*Given data*:
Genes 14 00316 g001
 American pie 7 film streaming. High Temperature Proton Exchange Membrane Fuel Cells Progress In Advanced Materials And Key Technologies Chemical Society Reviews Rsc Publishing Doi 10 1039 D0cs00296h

--

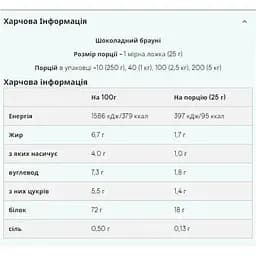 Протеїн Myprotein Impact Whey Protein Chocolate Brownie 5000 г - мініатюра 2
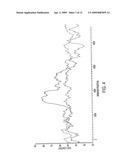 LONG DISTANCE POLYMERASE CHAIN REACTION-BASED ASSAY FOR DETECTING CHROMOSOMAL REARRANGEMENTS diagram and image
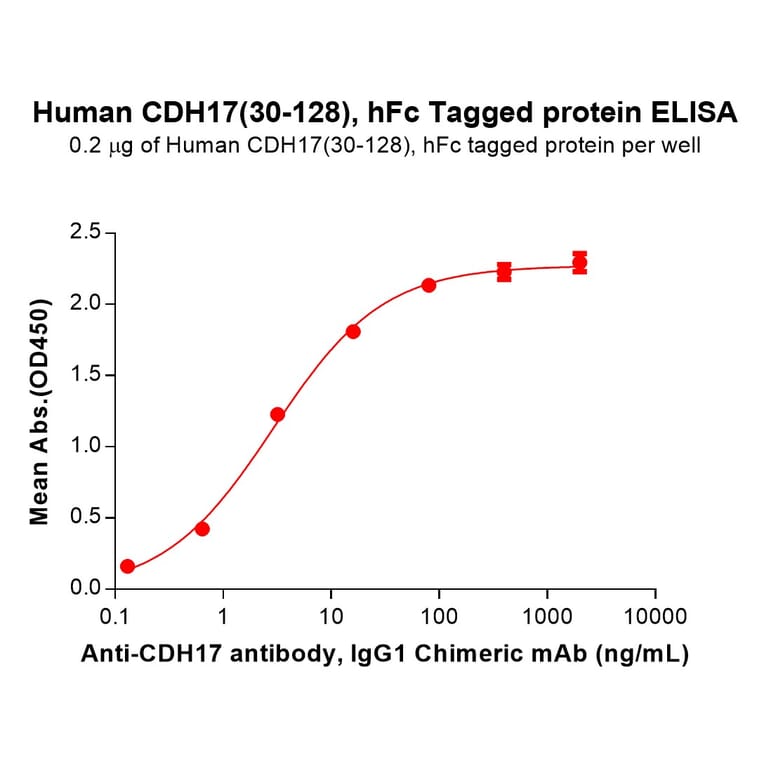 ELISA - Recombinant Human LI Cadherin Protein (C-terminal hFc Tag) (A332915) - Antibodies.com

---

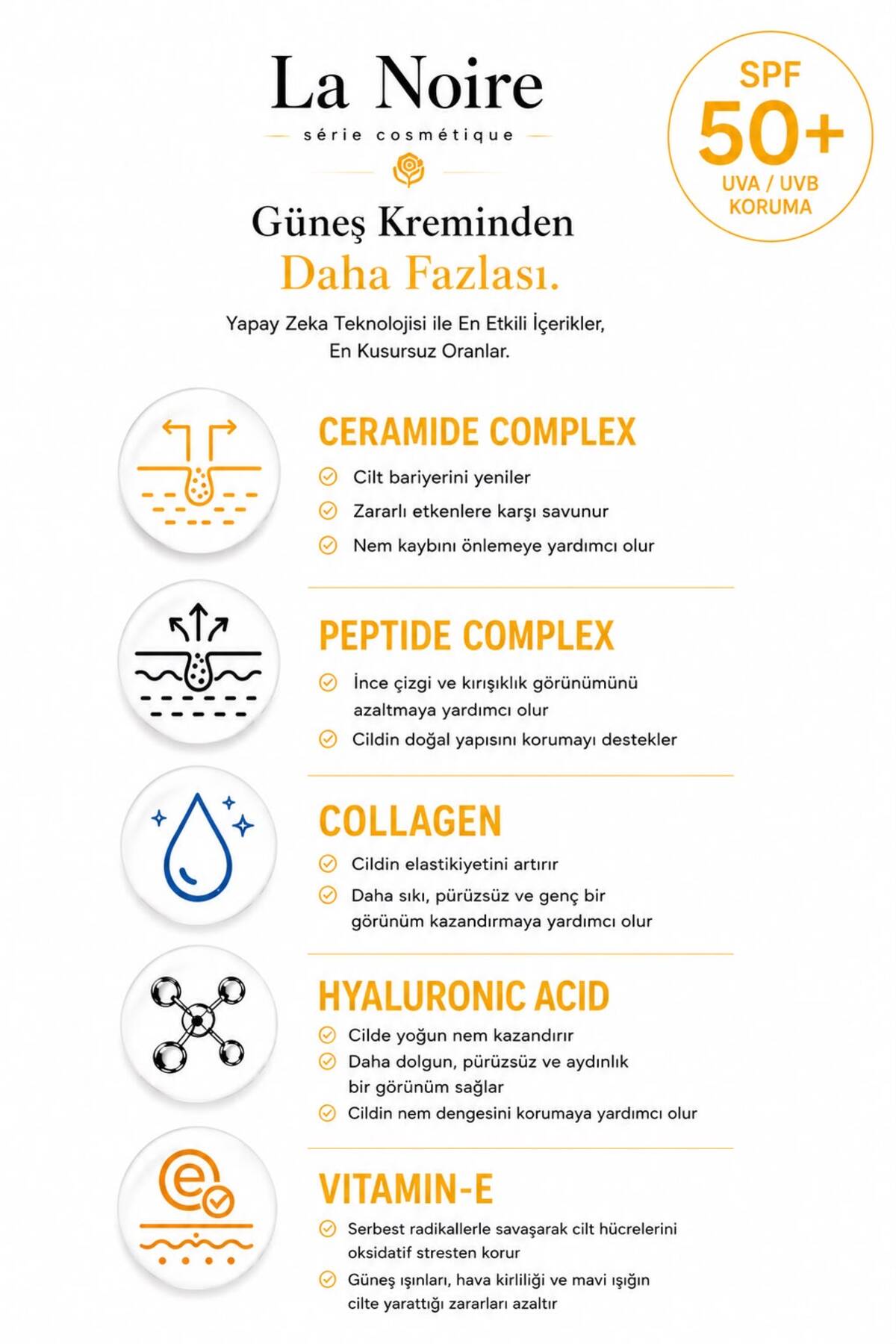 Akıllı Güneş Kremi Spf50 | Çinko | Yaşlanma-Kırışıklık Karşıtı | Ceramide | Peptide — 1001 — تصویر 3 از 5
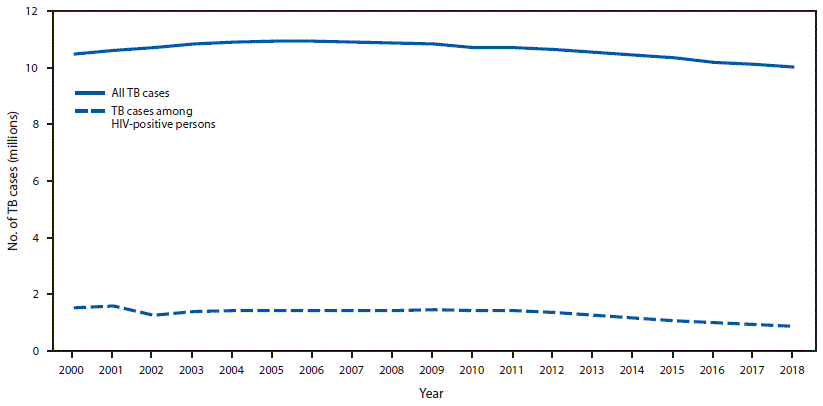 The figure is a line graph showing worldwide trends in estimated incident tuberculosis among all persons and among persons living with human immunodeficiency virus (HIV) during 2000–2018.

*Problem to solve*:
The line holding "LONG DISTANCE POLYMERASE" starts the copy and the line holding "ELISA - Recombinant" ends it. Repeat those two lines above and all between them exactly, leaving out pictures.

*Result of the exercise*:
 LONG DISTANCE POLYMERASE CHAIN REACTION-BASED ASSAY FOR DETECTING CHROMOSOMAL REARRANGEMENTS diagram and image
 ELISA - Recombinant Human LI Cadherin Protein (C-terminal hFc Tag) (A332915) - Antibodies.com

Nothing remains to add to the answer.